**Work order**.
Among the entries below, the lines from the one with "It is a practical" up to and including the one with "And here you" are to be restated exactly, without pictures.

**Given records**.
###

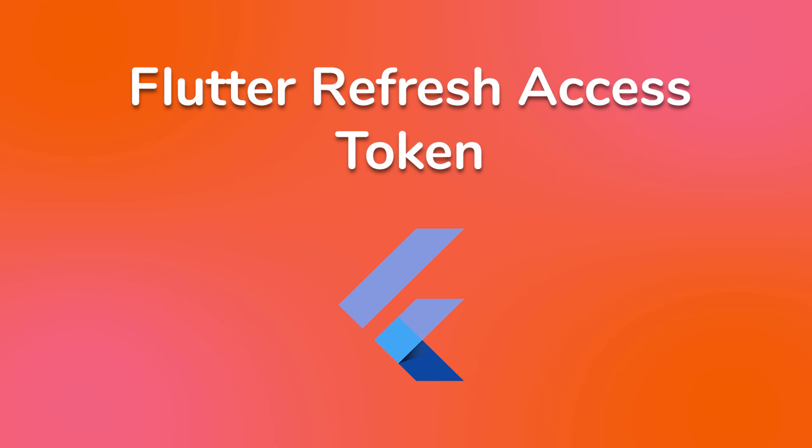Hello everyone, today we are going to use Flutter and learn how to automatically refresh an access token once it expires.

###

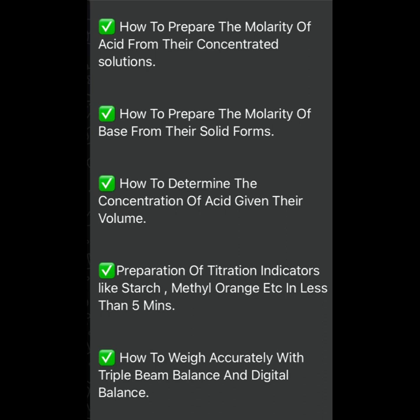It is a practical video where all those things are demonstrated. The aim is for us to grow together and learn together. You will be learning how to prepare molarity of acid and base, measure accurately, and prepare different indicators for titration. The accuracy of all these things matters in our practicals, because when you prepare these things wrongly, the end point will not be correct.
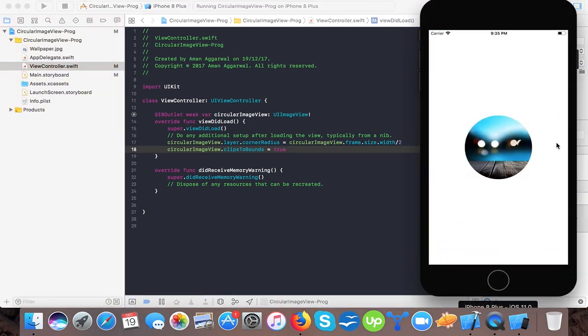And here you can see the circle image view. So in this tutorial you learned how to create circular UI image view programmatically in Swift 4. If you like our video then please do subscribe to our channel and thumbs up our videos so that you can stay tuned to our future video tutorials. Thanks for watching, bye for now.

###

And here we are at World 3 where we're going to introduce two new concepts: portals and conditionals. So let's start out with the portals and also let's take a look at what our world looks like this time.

###

**Worked solution**.
It is a practical video where all those things are demonstrated. The aim is for us to grow together and learn together. You will be learning how to prepare molarity of acid and base, measure accurately, and prepare different indicators for titration. The accuracy of all these things matters in our practicals, because when you prepare these things wrongly, the end point will not be correct.
And here you can see the circle image view. So in this tutorial you learned how to create circular UI image view programmatically in Swift 4. If you like our video then please do subscribe to our channel and thumbs up our videos so that you can stay tuned to our future video tutorials. Thanks for watching, bye for now.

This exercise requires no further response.